Second... It seems your subs are really juiced up down low. Try turning them down a bit. Kind of hard to really see where issues are because your midbass and midrange stuff is 20db lower than your 12hz to 70hz. It's really bloated imho.

Can you share some specs? Room size/setup and such. I have a source locally where you can pick up 2'x4' panels of 4lb minwool for cheap. Send me a PM and I'll dig up the info. Do you plan on doing your own treatments? Or purchase commercial ready stuff?

For example here is mine... I have it boosted in the 20-40 but I am going to drop that back down a couple of db... maybe 3 exact to flatten it out better but still have a few more than the midbass.


----------



## jmartingarcia (Jan 6, 2016)

I'm looking to buy something already made. Actually I was looking into GIK acoustics products, they have been really helpful.

This people in Houston would they also come home, install and maybe even check acoustics of the room to make sure everything is ok ? .. or they just sell the panels ?

I'm attaching the requested images plus room dimensions, details and photos. Comparing to yours, mine looks pretty bad. 

I have two subwoofers one on front and the other on the back.
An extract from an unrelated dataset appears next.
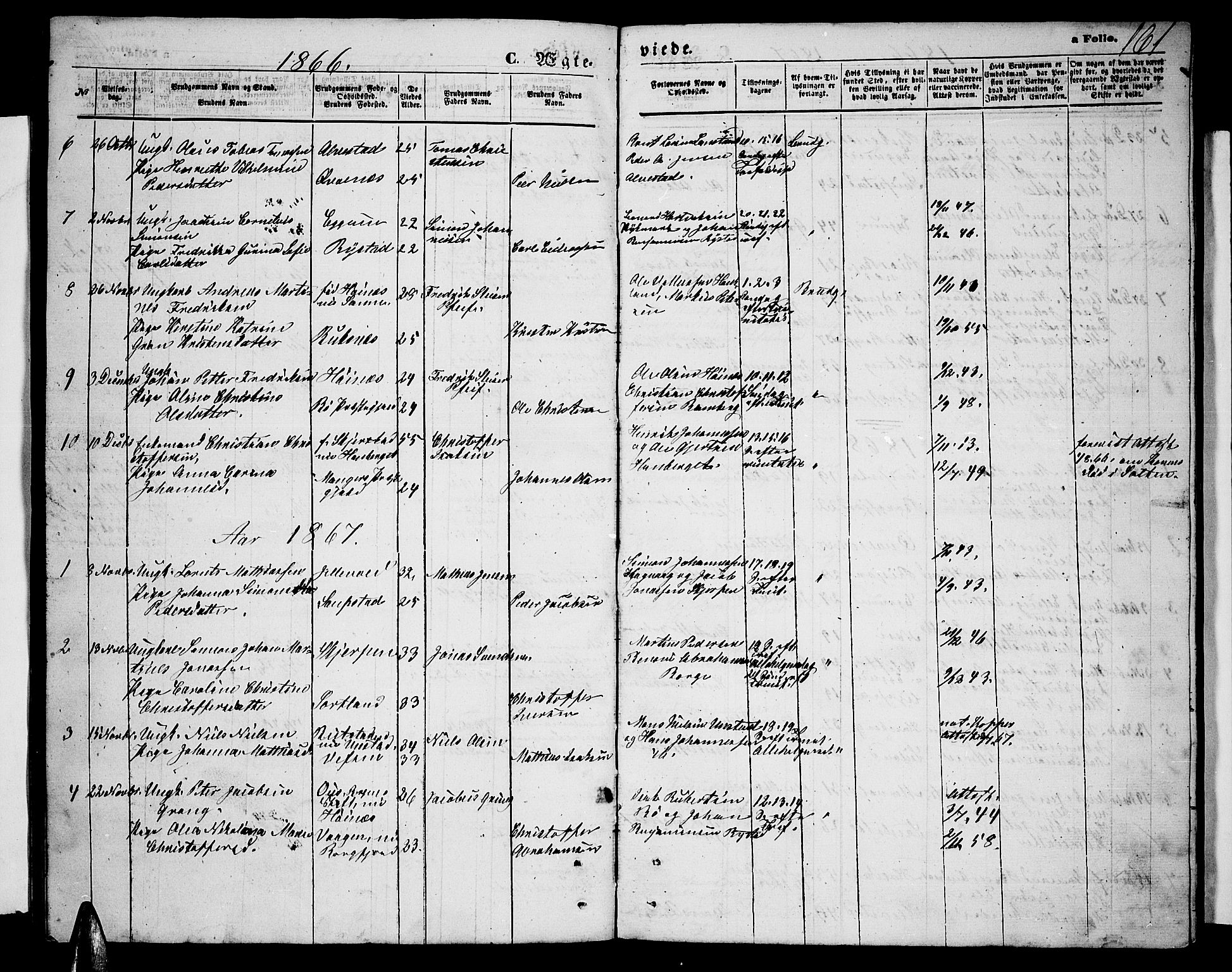 Ministerialprotokoller, klokkerbøker og fødselsregistre - Nordland, SAT/A-1459/880/L1140: Parish register (copy) no. 880C02, 1861-1875, p. 161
After the 60Hz seems I have bunch of nulls ... somebody suggested they may not be in phase with the mains. 

Thanks for comments and help ...


----------



## Talley (Dec 8, 2010)

Rt60 won't matter a whole lot in your space. I'm flat right around .28 from 100 to 10k. Your not too far off really.

I would throw some aborption panels in stairway space on the sidewalls ceiling and the back part.


----------



## jmartingarcia (Jan 6, 2016)

Yes, I'm going to do that. 

I will post the measurements after those panels are installed.


----------



## eAudio (Feb 21, 2014)

Hi Talley,

would be interested to know the REW meas. parameters used for the measurement you show in post #5 ; or the set of parameters you would recomand.

Hereafter is what I measure with my system and 4 sweeps 512k length.
The smoothing is 1/12.

It seems to me that I get slightly more modulation (dips and hips) in the med/high freq range (and actually low range as well) and I was wondering if this is a result of my room or the way I measure it ?

Thanks for your support


----------



## eAudio (Feb 21, 2014)

Hi Talley,
was wondering if my query reached you ?? I'm quite a newbee in posting.
Thanks for your support


----------